TO DO:
Give back the whole listing exactly as written, leaving out each picture.

THE INPUT:
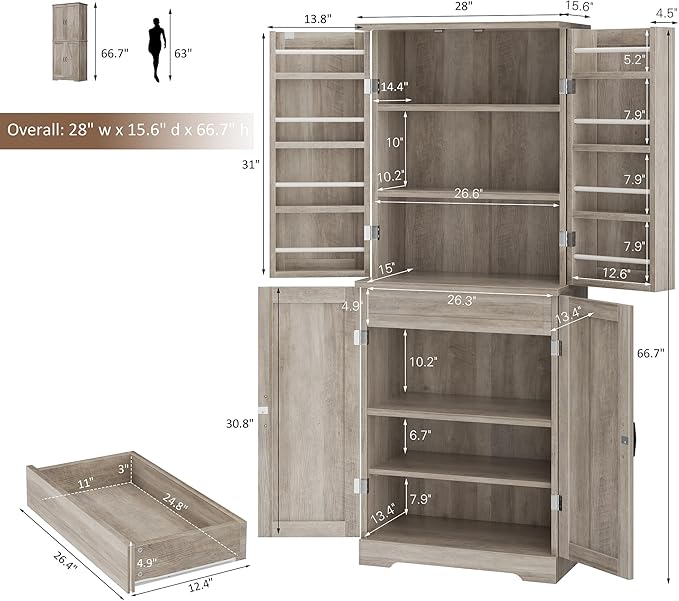 Shintenchi Kitchen Pantry Cabinet, Freestanding Farmhouse Storage Cabinet with 8 Door Shelves, 2 Cabinets and 1 Drawer, Tall Cupboard for Kitchen, Living Room, Dining Room and Bathroom, Ash Gray
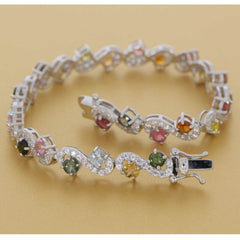 Sterling Silver Semi Mount Bracelet Setting Round RD 4x4mm w/ Accent - Syzjewelry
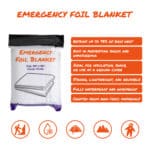 lightning x emergency mylar space blanket, compact life saving foil shield designed for hiking, camping, first aid trauma kits, survival, emergency use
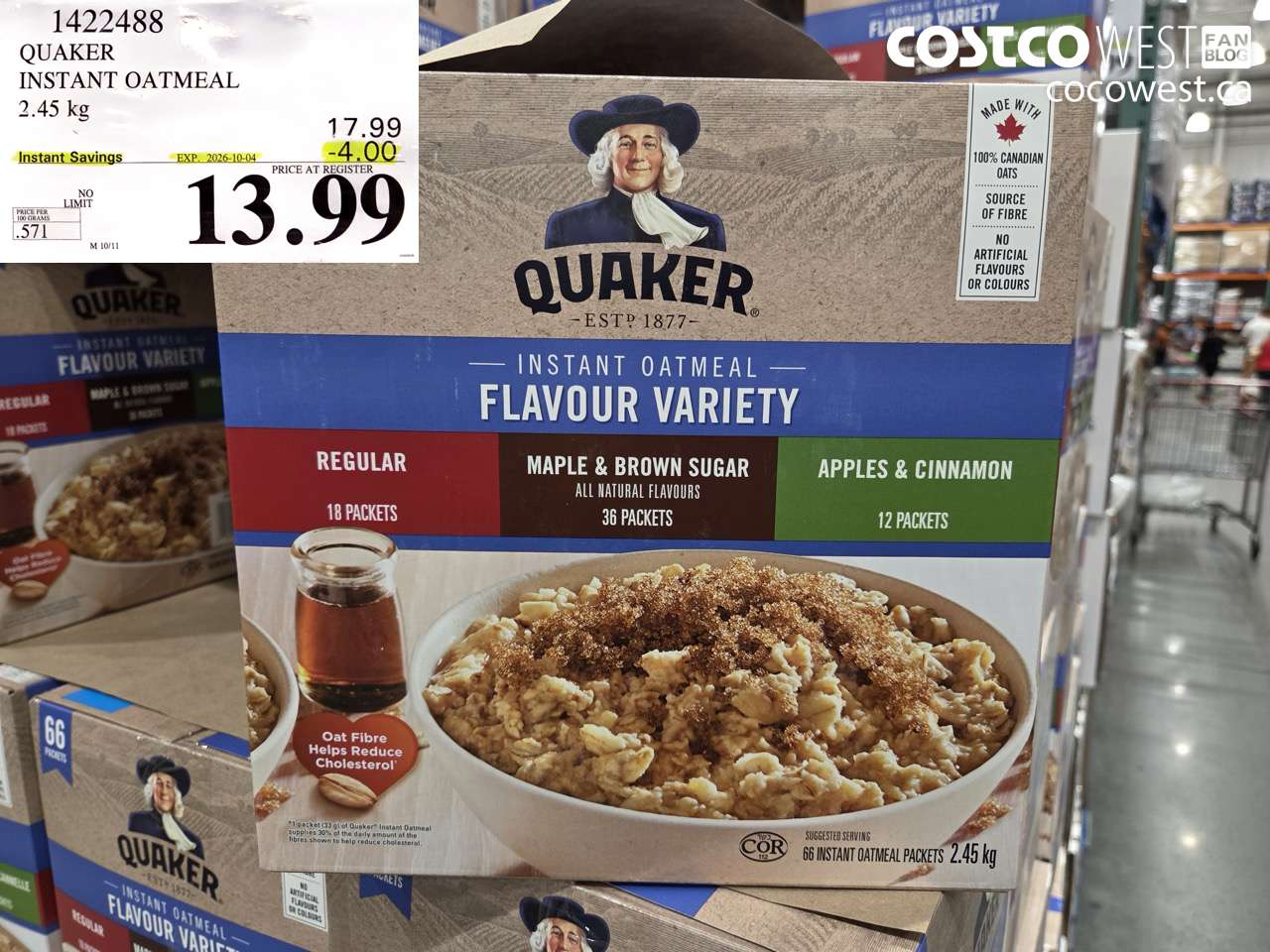 1422488 QUAKER INSTANT OATMEAL 2.45 KG ($4.00 INSTANT SAVINGS EXPIRES ON 2026-10-04) $13.99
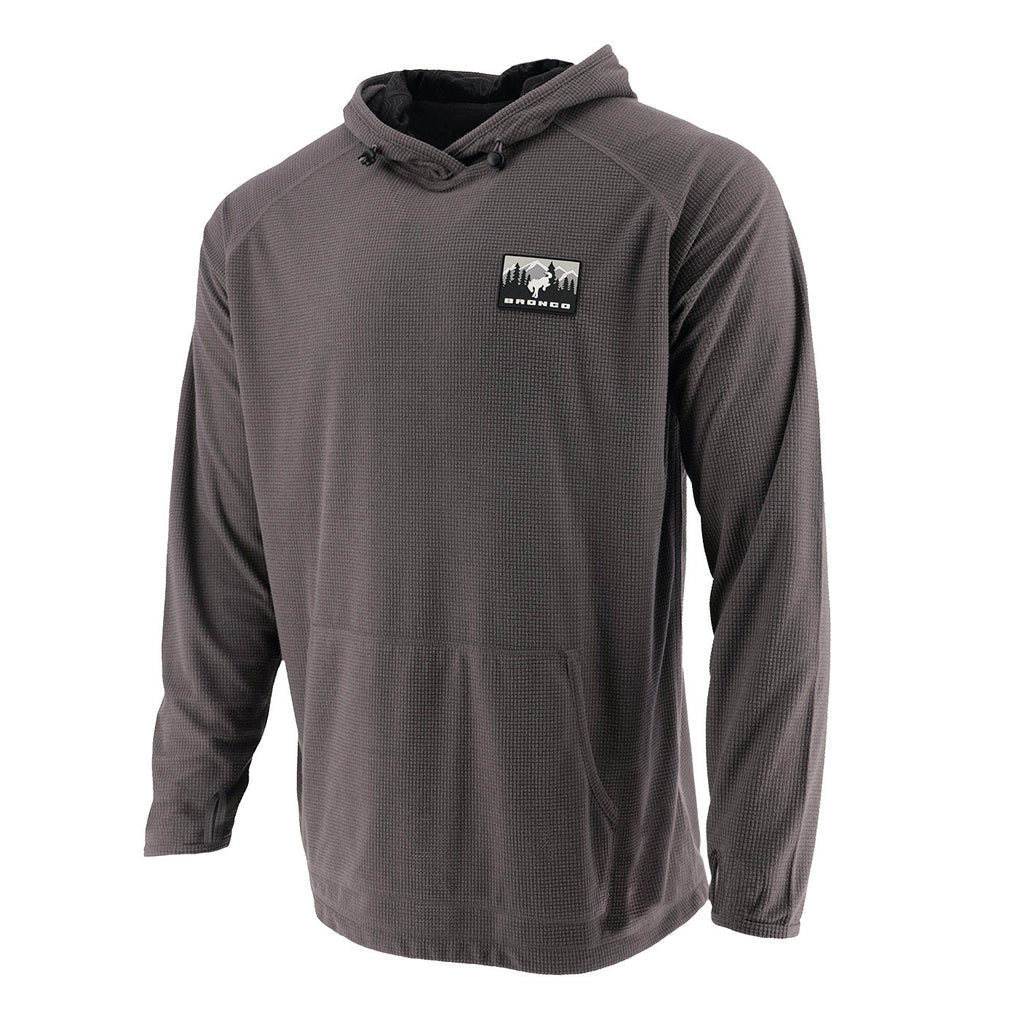 Ford Bronco Mens Gray Grided Fleece Hoodie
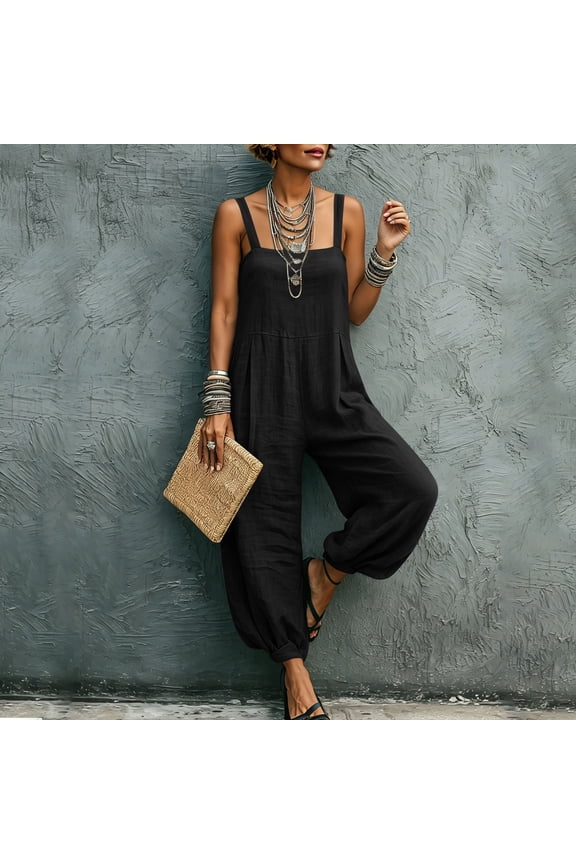 Linen Jumpsuits for Women Sleeveless Square Neck Wide Leg Jumpsuit Casual Summer Vacation Loose Boho Harem Pants with Pockets Black,S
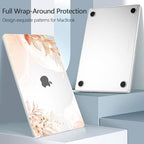 for New MacBook Air 13 inch Case 2026 M5 2025 M4 2024 M3 Chip– Aesthetic Lightweight Floral Design Clear Hard Shell 6-in-1 Bundle with TPU Keyboard Cover & 2X OTG Adapters, Abstract Flowers - Image 3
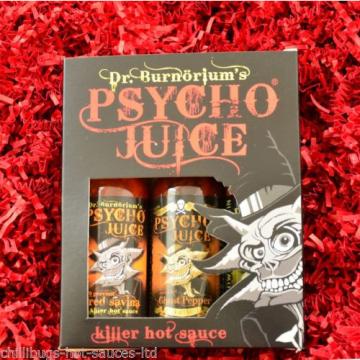 Dr Burnorium&#039;s &#034;Psycho Juice Gift Set&#034; - Red Savina, Garlic &amp; Smoked Naga Chilli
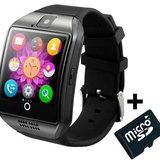 Smartwatch cu telefon iUni Q18, Camera, BT, 1.5 inch, Negru + Card MicroSD 4GB Cadou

SOLUTION:
 Shintenchi Kitchen Pantry Cabinet, Freestanding Farmhouse Storage Cabinet with 8 Door Shelves, 2 Cabinets and 1 Drawer, Tall Cupboard for Kitchen, Living Room, Dining Room and Bathroom, Ash Gray
 Sterling Silver Semi Mount Bracelet Setting Round RD 4x4mm w/ Accent - Syzjewelry
 lightning x emergency mylar space blanket, compact life saving foil shield designed for hiking, camping, first aid trauma kits, survival, emergency use
 1422488 QUAKER INSTANT OATMEAL 2.45 KG ($4.00 INSTANT SAVINGS EXPIRES ON 2026-10-04) $13.99
 Ford Bronco Mens Gray Grided Fleece Hoodie
 Linen Jumpsuits for Women Sleeveless Square Neck Wide Leg Jumpsuit Casual Summer Vacation Loose Boho Harem Pants with Pockets Black,S
 for New MacBook Air 13 inch Case 2026 M5 2025 M4 2024 M3 Chip– Aesthetic Lightweight Floral Design Clear Hard Shell 6-in-1 Bundle with TPU Keyboard Cover & 2X OTG Adapters, Abstract Flowers - Image 3
 Dr Burnorium&#039;s &#034;Psycho Juice Gift Set&#034; - Red Savina, Garlic &amp; Smoked Naga Chilli
 Smartwatch cu telefon iUni Q18, Camera, BT, 1.5 inch, Negru + Card MicroSD 4GB Cadou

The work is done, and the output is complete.